Jivey day in the committee room

The Senate Select Committee on Intelligence has released two parts of its “Phase II” report on pre-war intelligence regarding Iraq. The first report considers the accuracy of the pre-war intelligence in light of what the Committee now thinks it knows. The second report considers the use by the intelligence community of information provided by the Iraqi National Congress.

I haven’t read the reports yet. I understand that the first report concludes that the pre-war intelligence assessment were not accurate: the assessments about weapons of mass destruction were essentially wrong and the assessments about links between al Qaeda and the Iraqi government were of mixed accuracy.

The second report apparently is internally contradictory. I understand that the “findings” section of the report shows that some of the information provided by the Iraqi National Congress was accurate and some of it was not; that the INC did not deliberately distort the information it provided; that the information it provided played very little role in the intelligence community’s assessments; and that it played no role in conclusions reached by the intelligence community about any links between al Qaeda and the Iraqi government.

However, I understand that the “conclusions” section of the report departs from what’s stated in the factual findings. Specifically, the Democrats, with some Republican support, were able to insert a conclusions section stating that the Iraqi National Congress deliberately distorted information it provided, and that this distorted information was put to use by the intelligence community. The Democrats thus have conclusions they will spin to claim that the adminstration took us to war using back channel intelligence that was deliberately falsified.
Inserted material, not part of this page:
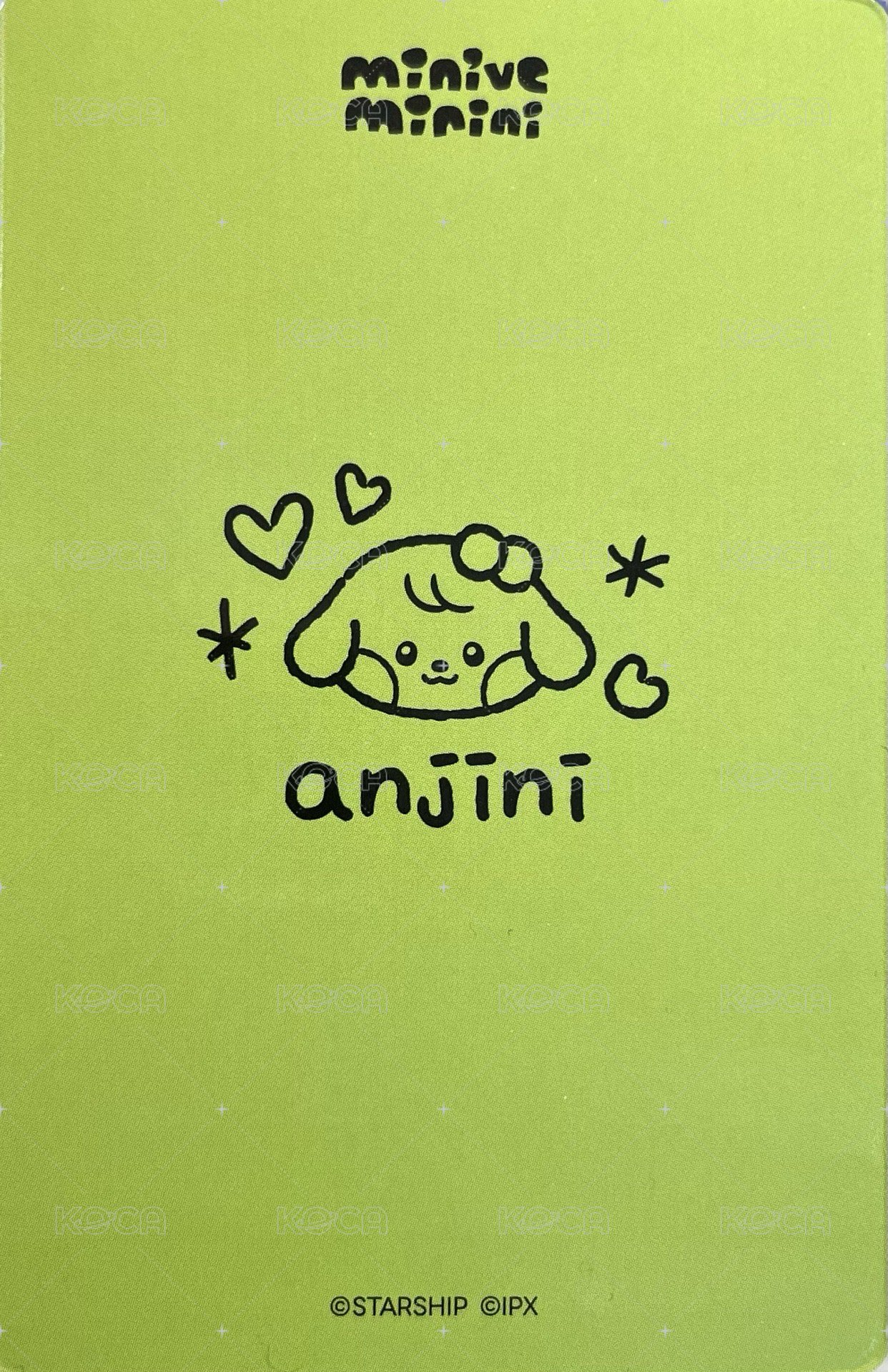 IVE X LINE FRIENDS 周邊卡 IVE X LINE FRIENDS 周邊卡 anjini 小盒娃 身分證 背面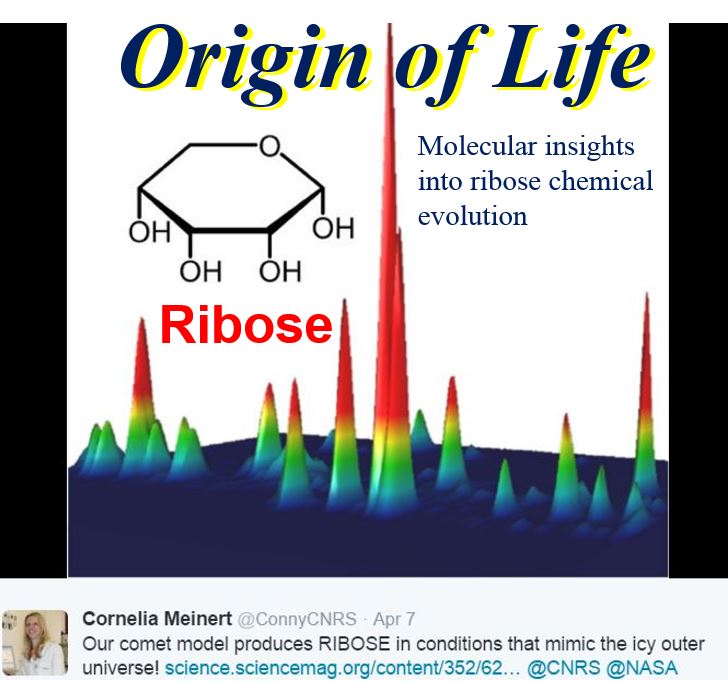 Origin of life Ribose sugars from comet ice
Expect to hear Scooter Libby’s name, for example, used liberally.

The media, of course, rarely reads beyond a report’s conclusions. Thus, the Democrats had an incentive to misstate in this section what the Committee actually found. I look forward to reading the report to see if that’s what happened.

UPDATE: If you want to understand the extent of Democratic hypocrisy on the underlying issue, go here.

And you can find a list of the members of the Committee here.

FURTHER UPDATE: Consider Thomas Joscelyn underwhelmed by the report.

JOHN adds: Joscelyn’s Weekly Standard article is powerful. The Senate Committee report fails even to mention some of the best-known and best-documented evidence of contact and coordination between Saddam’s regime and al Qaeda. That being the case, it is hard to see how the report can have any value except as propaganda.